Problem requirements ::
Below are records to retype exactly, except for the pictures.

Input data ::
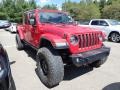 2020 Firecracker Red Jeep Gladiator Rubicon 4x4  photo #3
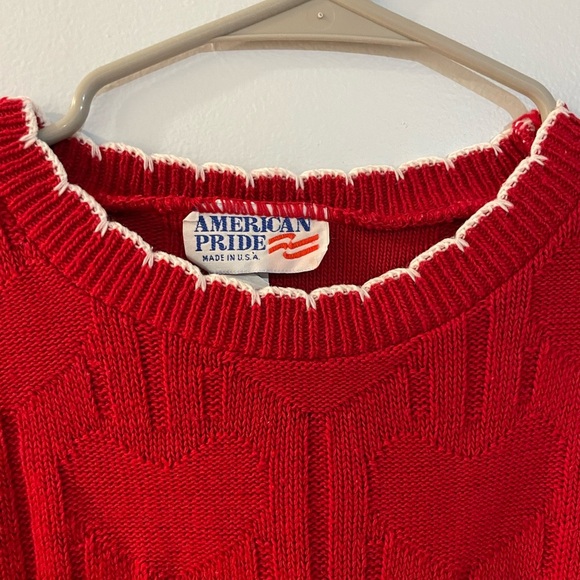 Vintage America Pride Acrylic made in the USA women’s size large sweater - Picture 3 of 5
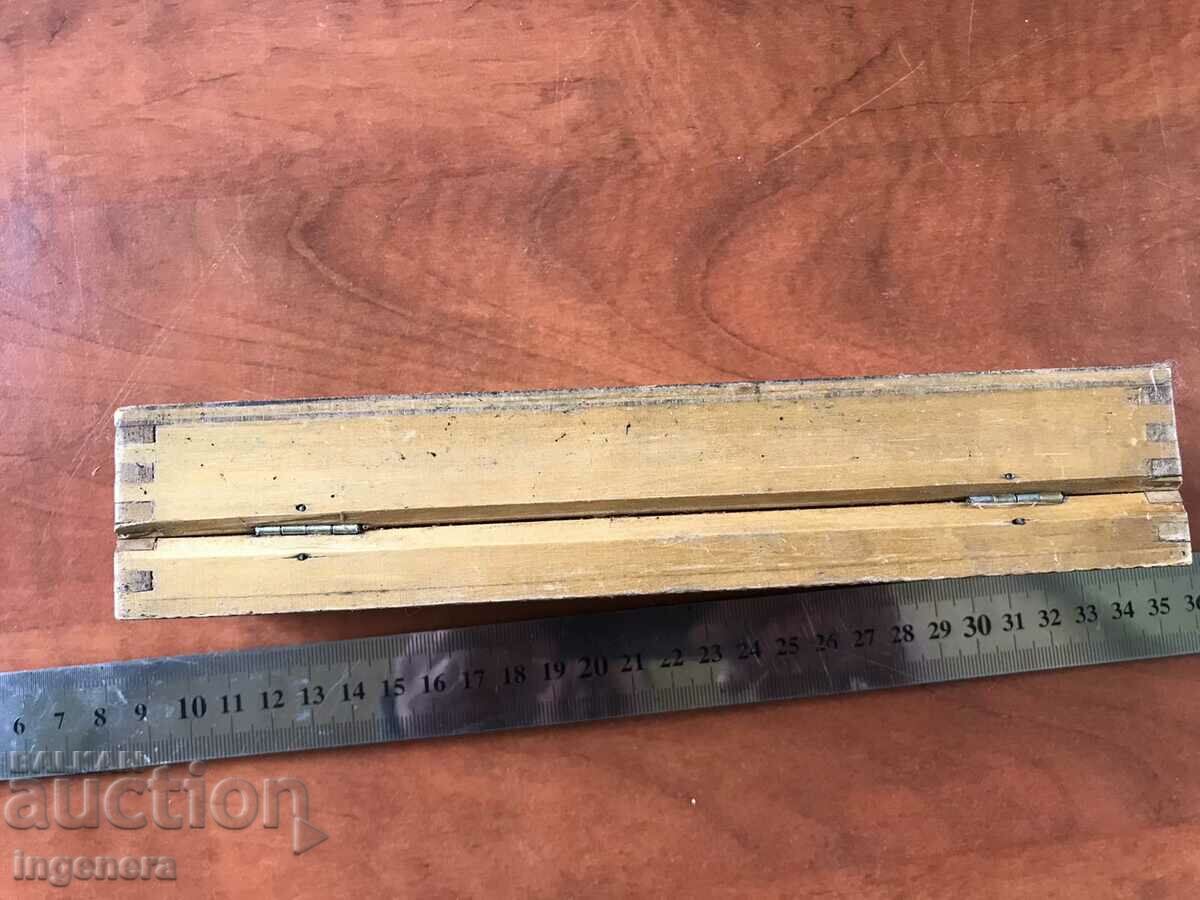 Delivery of BOX PENCIL CASE ANTIQUE FROM SOCA PYROGRAPH DRAWING Delivery of BOX PENCIL CASE ANTIQUE FROM SOCA PYROGRAPH DRAWING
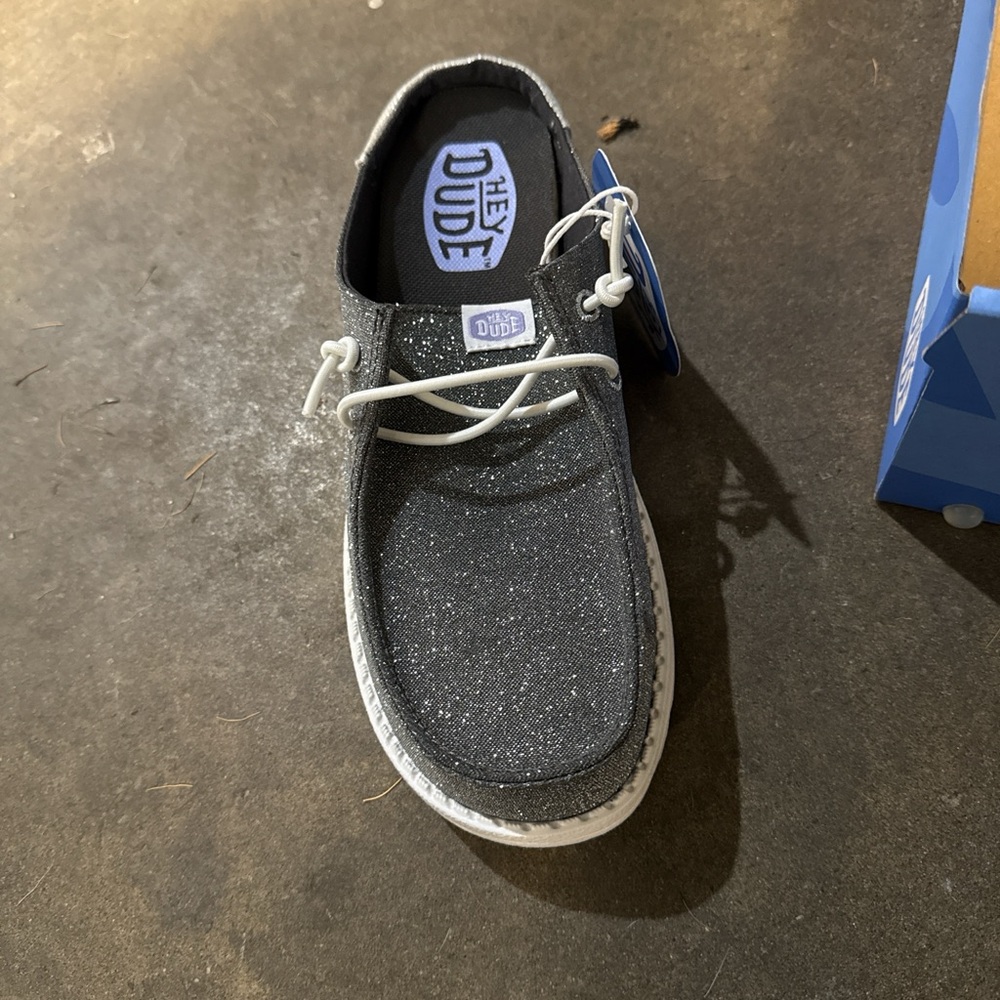 Hey Dude Women's Glitter Black Shoes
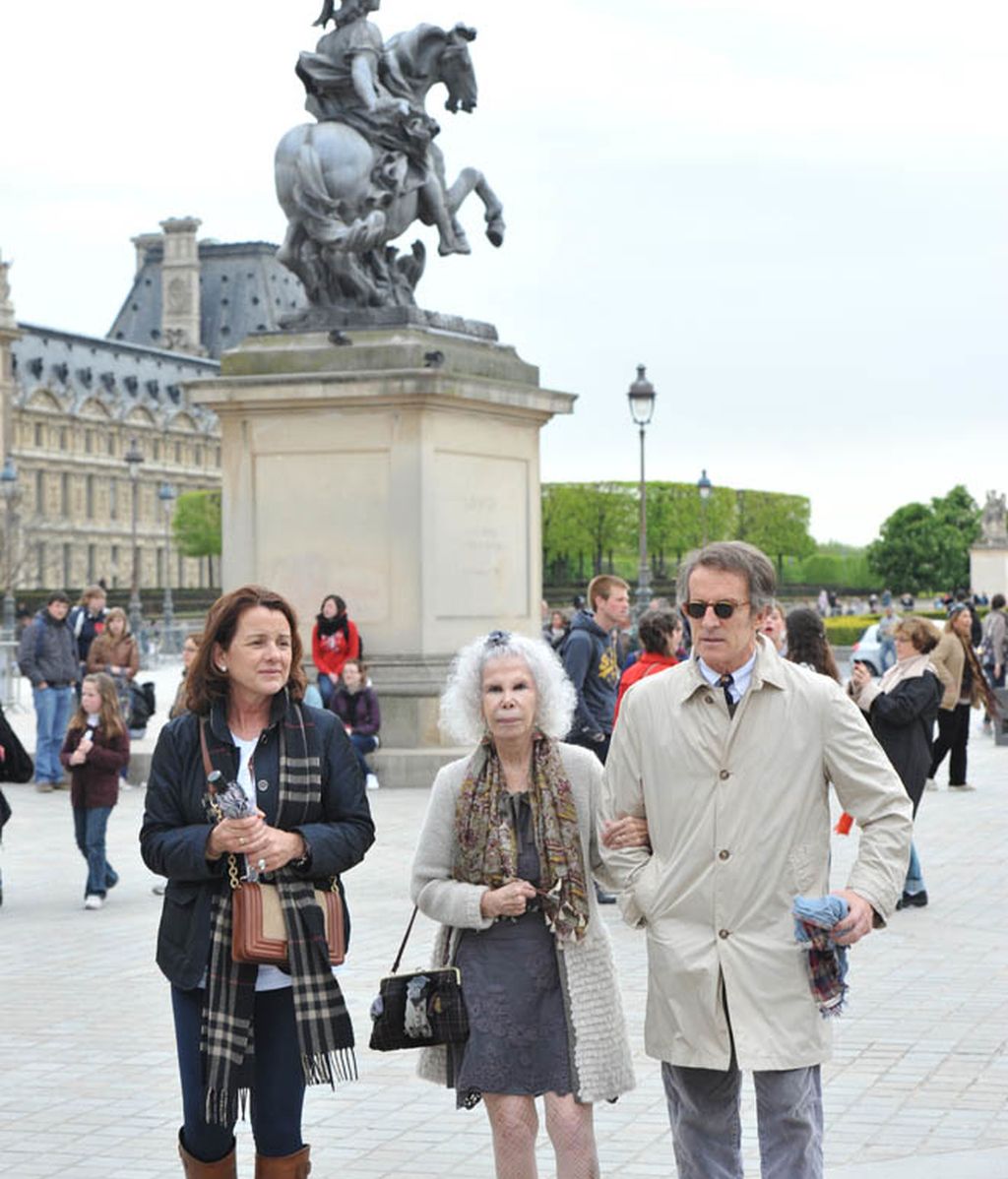 La Duquesa de Alba: incombustible en su Luna de Miel en Paris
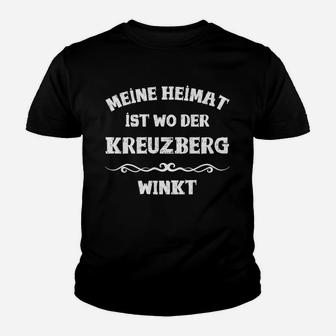 Kreuzberg Heimatliebe Herren Kinder Tshirt in Schwarz, Berliner Stolz Design - Seseable
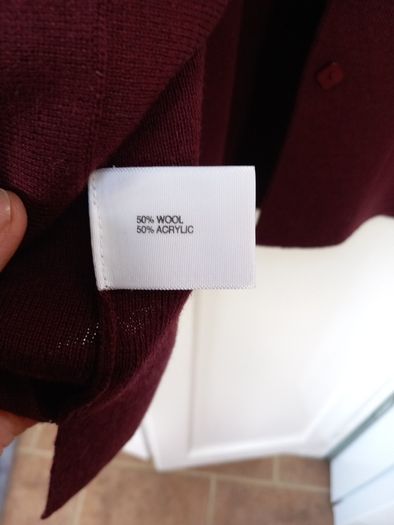 Country Casuals Wine Cardigan Size L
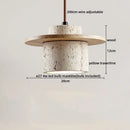 GobekUsa LED Hanging Lamp: Yellow Travertine Japanese Style Pendant Light for Home Decoration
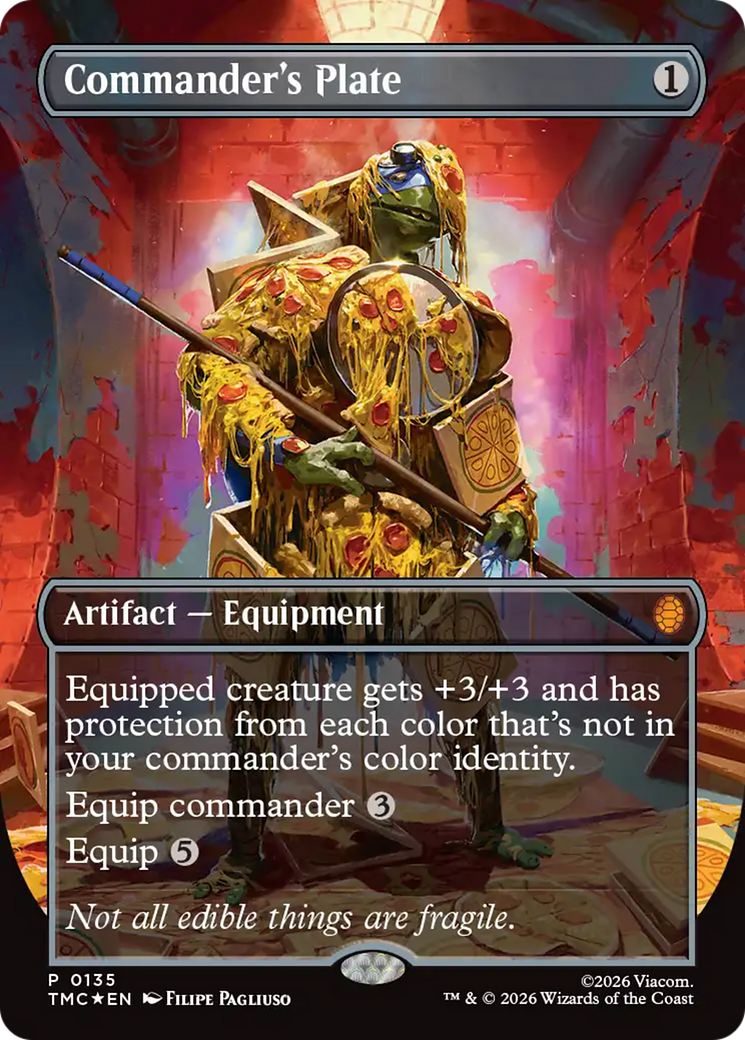 Commander's Plate (Borderless) [Teenage Mutant Ninja Turtles Commander] | Gamers Paradise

Answer box ::
 2020 Firecracker Red Jeep Gladiator Rubicon 4x4  photo #3
 Vintage America Pride Acrylic made in the USA women’s size large sweater - Picture 3 of 5
 Delivery of BOX PENCIL CASE ANTIQUE FROM SOCA PYROGRAPH DRAWING Delivery of BOX PENCIL CASE ANTIQUE FROM SOCA PYROGRAPH DRAWING
 Hey Dude Women's Glitter Black Shoes
 La Duquesa de Alba: incombustible en su Luna de Miel en Paris
 Kreuzberg Heimatliebe Herren Kinder Tshirt in Schwarz, Berliner Stolz Design - Seseable
 Country Casuals Wine Cardigan Size L
 GobekUsa LED Hanging Lamp: Yellow Travertine Japanese Style Pendant Light for Home Decoration
 Commander's Plate (Borderless) [Teenage Mutant Ninja Turtles Commander] | Gamers Paradise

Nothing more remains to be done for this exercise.